The landscape of science education is currently undergoing a fundamental shift. Educational standards and reform, such as the Next Generation Science Standards (NGSS Lead States, 2013) and Vision and Change (AAAS, 2011), focus on students’ ability to analyze and interpret data, use mathematical thinking, and communicate arguments based on evidence. In other words, students should learn what it means to be a scientist and how to use the scientific method to make arguments based on evidence. Educators agree that science should be taught as an active process: instead of students memorizing facts in textbooks, the focus should be placed on students’ ability to generate new knowledge by testing hypotheses and interpreting data (e.g., Chen & Steenhoek, 2014; Royer & Schultheis, 2014; also see College Board, 2013). However, it is often difficult for teachers to integrate these reforms into their classrooms, because of either a lack of training to deal with educational reform or a lack of resources.

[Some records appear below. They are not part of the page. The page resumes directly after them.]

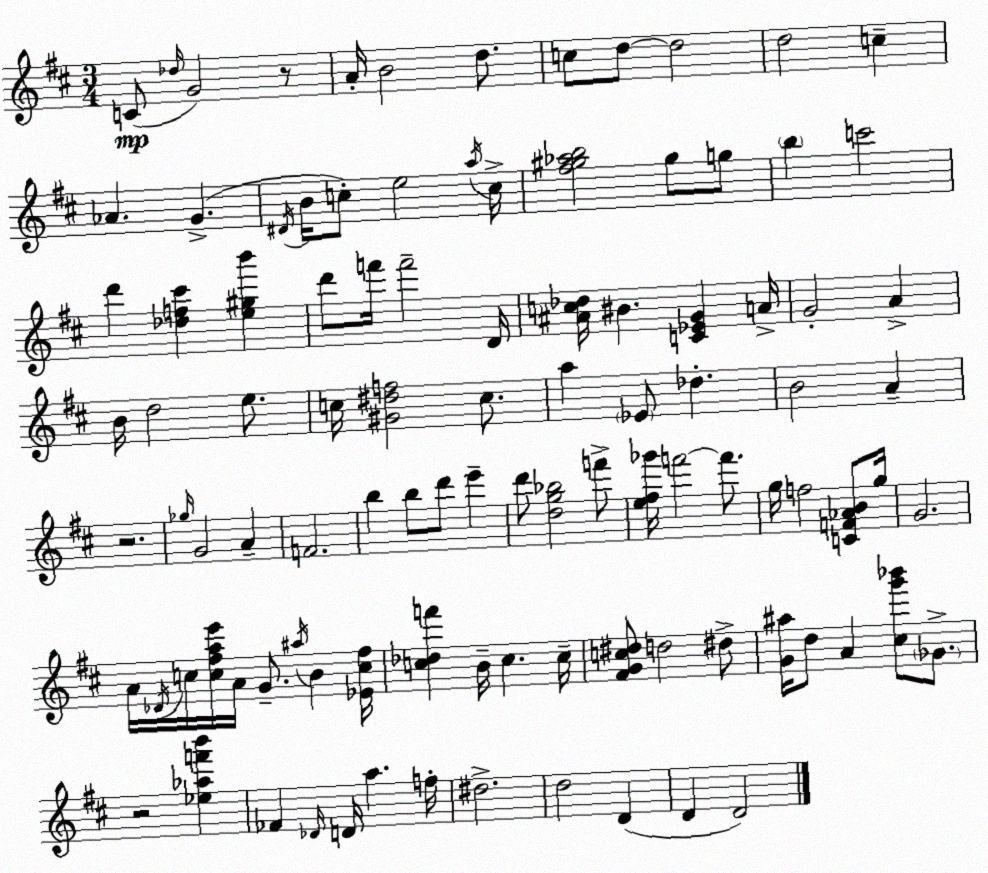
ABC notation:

X:1
T:Untitled
M:3/4
L:1/4
K:D
C/2 _d/4 G2 z/2 A/4 B2 d/2 c/2 d/2 d2 d2 c _A G ^D/4 B/4 c/2 e2 a/4 c/4 [^f^g_ab]2 ^g/2 g/2 b c'2 d' [_df^c'] [e^gb'] d'/2 f'/4 f'2 D/4 [^Ac_d]/4 ^B [C_EG] A/4 G2 A B/4 d2 e/2 c/4 [^G^df]2 c/2 a _E/2 _d B2 A z2 _g/4 G2 A F2 b b/2 d'/2 e' d'/2 [dg_b]2 f'/2 [e^f_g']/4 f'2 f'/2 g/4 f2 [CF_AB]/2 g/4 G2 A/4 _D/4 c/4 [c^fae']/4 A/4 G/2 ^a/4 B [_Ec^f]/4 [c_df'] B/4 c c/4 [^FGc^d]/2 d2 ^d/2 [G^a]/4 d/2 A [^cg'_b']/2 _G/2 z2 [_e_af'b'] _F _D/4 D/4 a f/4 ^d2 d2 D D D2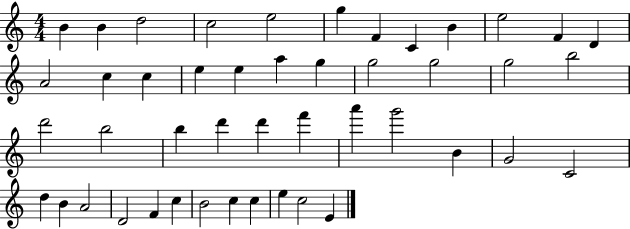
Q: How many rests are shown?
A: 0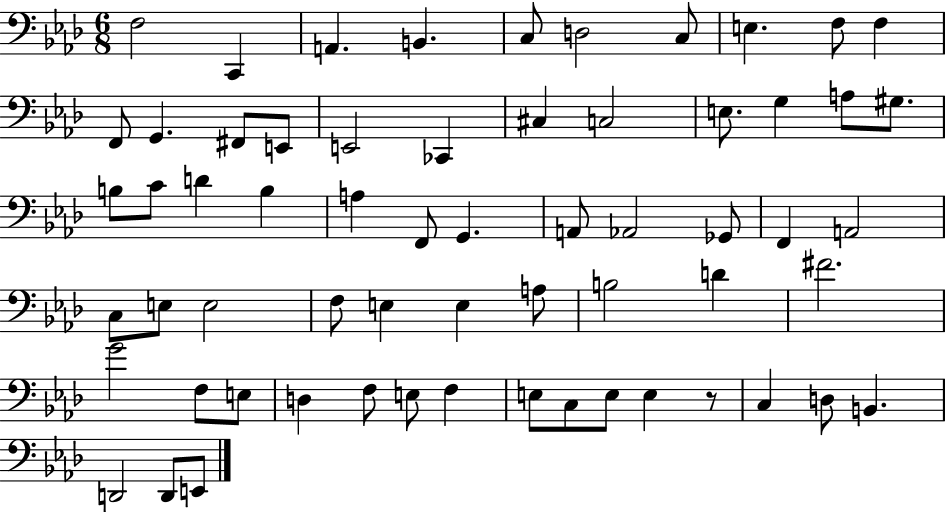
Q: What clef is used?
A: bass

Data Nuggets (http://datanuggets.org) are free K–16 educational resources that bring data collected by scientists into the classroom, giving students the chance to work with data from cutting-edge research. They were designed in response to teacher requests for lessons that would help students meet quantitative learning goals. Data Nuggets are built from recent and ongoing research; each worksheet provides a brief background to a research topic, the researcher’s process as they developed their ideas, and a data set from their work. Students are challenged to answer a scientific question using the data set to support their claim and are guided through the construction of graphs to facilitate data interpretation. Data Nuggets get students excited about a research topic while increasing their quantitative skills and competency with the scientific method.

Learning Objectives

Through the repeated use of Data Nuggets in the classroom, students will

  • Understand that science is an active process and how we learn about the natural world. Scientific research begins by generating questions, leading to testable hypotheses and experimentation to gather supporting evidence. Evidence is based on the careful analysis of data and logical reasoning. The scientific method is not a linear process, and often experiments result in more questions than answers (Figure 1).

  • Identify and differentiate between scientific questions, hypotheses, and predictions. Deciphering the difference between a prediction and a hypothesis is a common struggle for students of all ages. Data Nuggets offer repeated active engagement in distinguishing between these closely related concepts.

  • Build their quantitative skills by working with data, graphing, and interpreting quantitative information. In each Data Nugget, students must work with data to create a graph and make a claim based on this evidence. Data Nuggets reinforce basic statistics, such as calculating means, identifying dependent and independent variables, and making appropriate graphs to visualize data.

  • See science as an approachable and attainable career. When students engage in inquiry in the classroom, they are doing science. Exposure to contemporary research, especially projects done by young, early-career scientists, will help students recognize that they too can become researchers in the near future. Classroom discussions of current issues in science, how lessons relate to everyday issues, and careers in science improve student retention in STEM fields (Woolnough, 1994).

Figure 1.

Scientific method schematic, modified from Understanding Science (2014).

Figure 1.

Scientific method schematic, modified from Understanding Science (2014).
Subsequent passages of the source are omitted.